(Provided material)
-.-.-

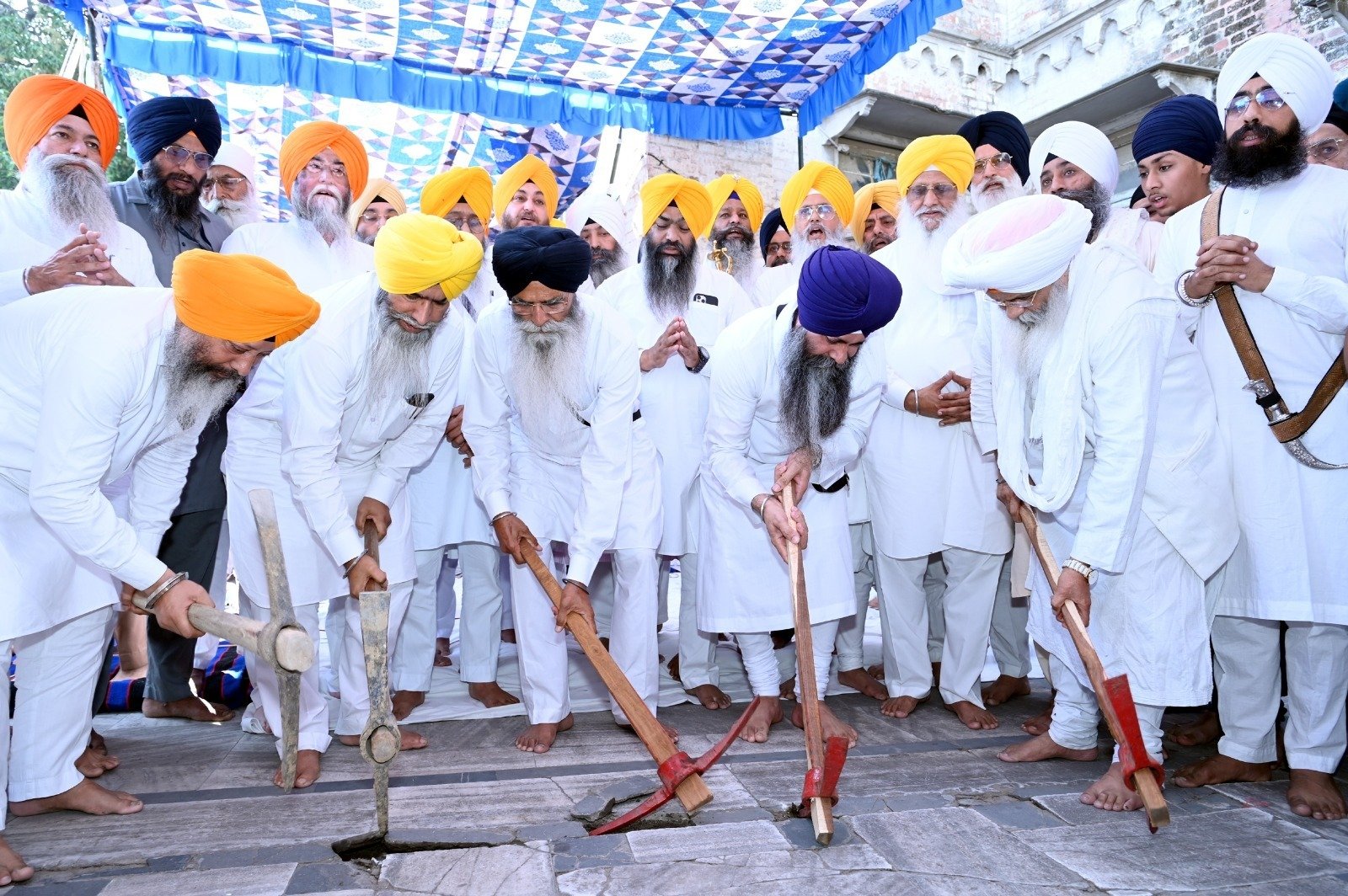 ਗੁਰਦੁਆਰਾ ਸ੍ਰੀ ਬਿਬੇਕਸਰ ਸਾਹਿਬ ਦੀ ਪਰਕਰਮਾਂ ’ਚ ਪੱਥਰ ਲਗਾਉਣ ਦੀ ਕਾਰਸੇਵਾ ਆਰੰਭ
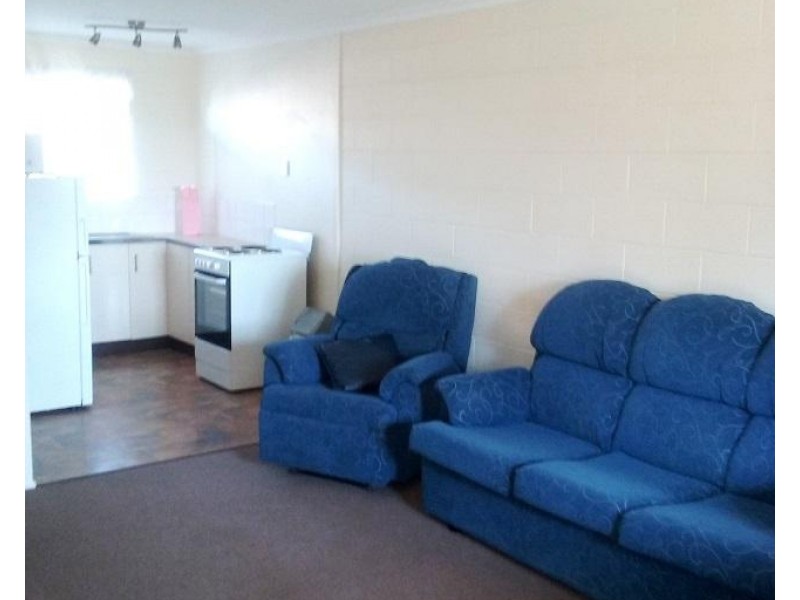 1-4/6 Wenitong Street, West Gladstone QLD 4680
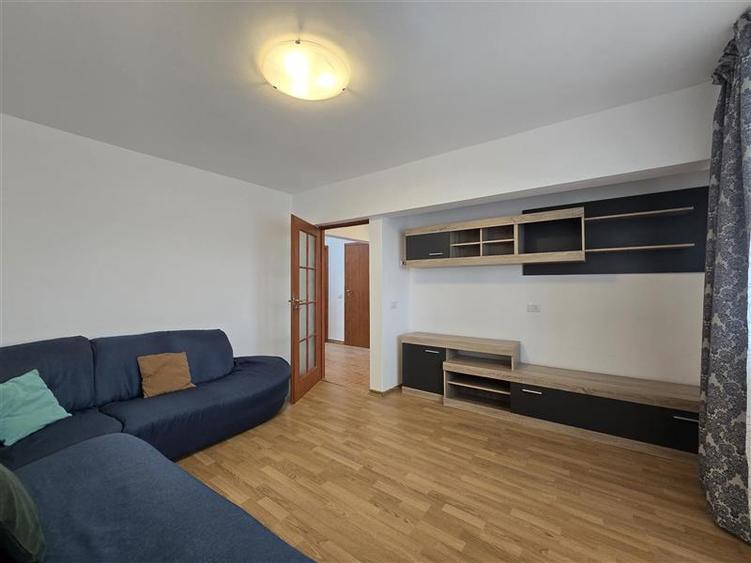 Apartament cu 3 camere decomandat, mobilat în Republicii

-.-.-

(About this exercise)
Please give back the data above word for word, with no pictures included.

(Answer)
 ਗੁਰਦੁਆਰਾ ਸ੍ਰੀ ਬਿਬੇਕਸਰ ਸਾਹਿਬ ਦੀ ਪਰਕਰਮਾਂ ’ਚ ਪੱਥਰ ਲਗਾਉਣ ਦੀ ਕਾਰਸੇਵਾ ਆਰੰਭ
 1-4/6 Wenitong Street, West Gladstone QLD 4680
 Apartament cu 3 camere decomandat, mobilat în Republicii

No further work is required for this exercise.